Potential causes of action other than interference with an easement
McGarrah first claims that the district court focused too narrowly on easements when considering his petition. He asserts that the district court needed to consider any theory supported by the facts, yet rather than assuming the facts alleged in his petition were true, the district court began its analysis with Connell's premise that McGarrah never obtained an easement.
We agree that a district court may not dismiss a petition under K.S.A. 60-212(b) unless the facts and inferences fail to state a claim on any possible theory. Nungesser v. Bryant, 283 Kan. 550, 559, 153 P.3d 1277 (2007). But McGarrah does not suggest any potential causes of action other than easements that could arise from the facts stated in his petition and the reasonable inferences arising from them. McGarrah's petition raised only one claim, stating Connell improperly interfered with an existing easement. The district court considered multiple types of easements—easements by necessity, prescriptive, express, and implied—when assessing McGarrah's claim. The facts in the petition did not compel it to look further.

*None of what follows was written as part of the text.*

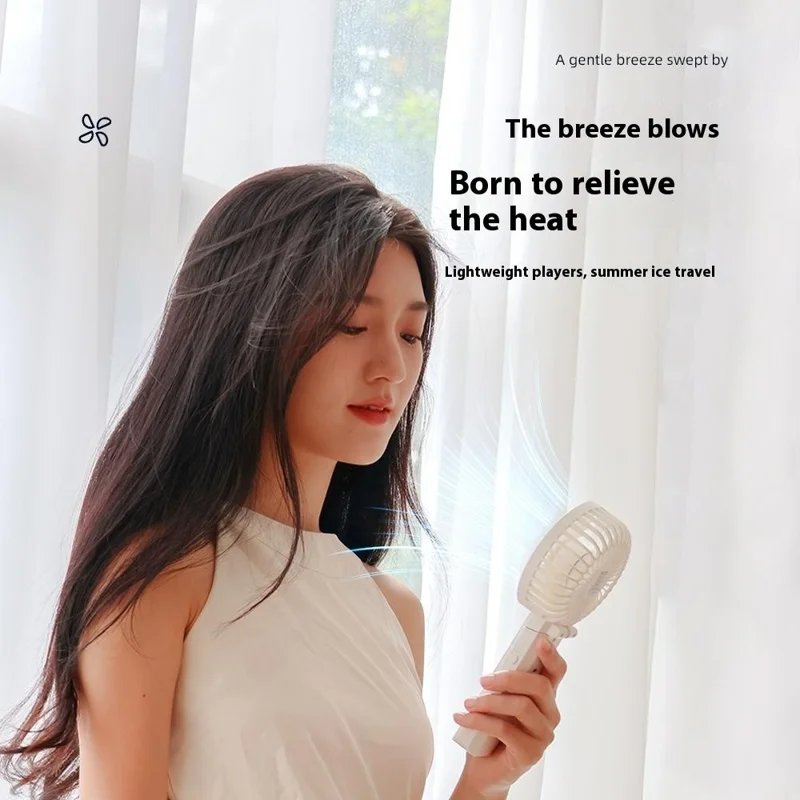 RD10 Handheld Foldable Fan Summer Cooler with Power Bank Function - White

We next address McGarrah's argument that the district court imposed unnecessary pleading requirements. As he contends, Kansas is a notice-pleading state. See Williams v. C-U-Out Bail Bonds, 310 Kan. 775, 784, 450 P.3d 330 (2019). And under this standard, a petition generally needs only “(1) A short and plain statement of the claim showing that the pleader is entitled to relief; and (2) a demand for the relief sought.” K.S.A. 2024 Supp. 60-208(a); see also K.S.A. 2024 Supp. 60-208(e) (requiring courts to construe pleadings “so as to do justice”). So a legal theory of relief need not be detailed. Still, the petition must allege facts showing the petitioner is entitled to relief. See Beck v. Kansas Adult Authority, 241 Kan. 13, 25, 735 P.2d 222 (1987). And courts are not required to “ ‘accept conclusory allegations on the legal effects of events the plaintiff has set out if these allegations do not reasonably follow from the description of what happened.’ ” Bruggeman v. Schimke, 239 Kan. 245, 247, 718 P.2d 635 (1986).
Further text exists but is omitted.